What does the procedure involve? 

The scan is performed by placing an ultrasound transducer on you abdomen and takes around 30 minutes.

What can I do prior to the scan?

Your bladder does not need to be full but it is advisable to drink normally & not empty your bladder 30 minutes prior to the scan.

4-D SCAN (22-28 WEEKS)

What is the difference between a 2D, 3D and 4D scan?

Like all ultrasound studies, the 3D / 4D uses high frequency sound waves to create images that can be viewed on a monitor screen.

In 3D / 4D scans you will see your baby in a 3D – life like image, instead of the familiar flat, grainy 2D pictures associated with traditional ultrasound scans.

The 4th dimension is real time movement. This means that you may be able to see your baby stretching, kicking, yawning or sucking his or her thumb.

Is it safe?

Since its introduction over 40 years ago there have been no documented harmful effects to either mother or child caused by ultrasound scanning be it 2D, 3D or 4D.
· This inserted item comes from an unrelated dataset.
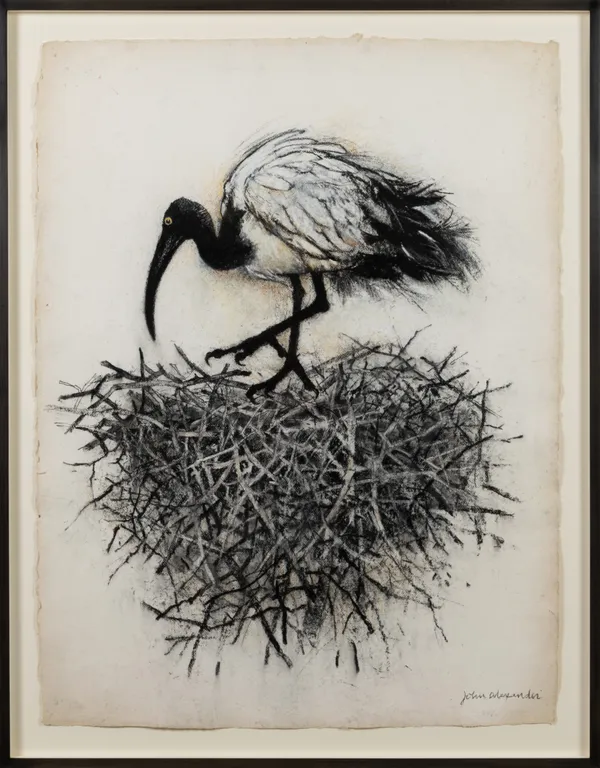 John Alexander, Sacred Ibis Nesting, 2025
In fact, 3D or 4D scans use the same type and intensity of ultrasound as with conventional ultrasound scanning and because you can store and view the images on a computer, the actual scanning time can often less than that of conventional 2D scans.

When is best time to perform a 3D or 4D scan?

This depends on what you want to see. With the 3D/4D technology currently available, we are able to image your baby at different stages during your pregnancy. We can successfully scan your baby at any time after 20 weeks. In our experience, the best images are generally obtained between 26-32 weeks. This ensures there is enough amniotic fluid present in the womb for the ultrasound scanner to properly image your baby, while ensuring the baby’s facial features have developed to the point where they are clear and easily recognisable.

If you are having twins, the best images will be obtained before 28 weeks.

Who will be performing my scan?

Dr HarshitaSurange  who has been specially trained in 3D/4D prenatal scanning.

Will I always get a clear scan? Can you always see a beautiful picture of my baby?

The quality of your 3D images or 4D movie will be affected by the baby’s time of gestation, position, the amount of amniotic fluid surrounding the baby, and the amount of skin, fat and muscle around the baby.

The position however, will be the strongest factor in determining the quality of image that you see. But rest assured, it is our aim that no client leaves without the chance to be introduced to their little one. If your baby is lying in the wrong position, we will first have you go for a short walk to try and encourage the baby to change positions.

If this is still unsuccessful, we will invite you back for another appointment at no extra charge because your satisfaction is what matters to us most.

In order to maximise your chances of getting a great image, we recommend that you drink at least 8 glasses of water for 1-2 weeks prior to your scan.

How much time should I allow for my appointment?

The appointment length for your scan is generally 45 minutes from beginning to end. Actual scanning time is between 20 – 30 minutes depending on your baby’s movements. If your little one is not in the ideal position on arrival, your appointment might be lengthened to allow time for your baby to change positions.


This scan is performed to assess the growth and well being of the baby.

What’s involved in a Fetal Growth Scan?

The scan is performed by placing an ultrasound transducer on your abdomen and takes around 20 minutes. Your bladder does not need to be full but it is advisable to drink normally & not empty your bladder 30 minutes prior to the scan.

During the scan we take look at a number of areas:

  • Measuring the baby’s head, abdomen and thigh bone
  • Assessing the amount of amniotic fluid around the baby
  • Observing the baby’s activity
  • Measuring the blood flow in the umbilical cord using Doppler ultrasound
  • Recording the position of the placenta


If we are concerned regarding the findings of this scan, you will have the opportunity to discuss these and their implications with one of the fetal medicine consultants.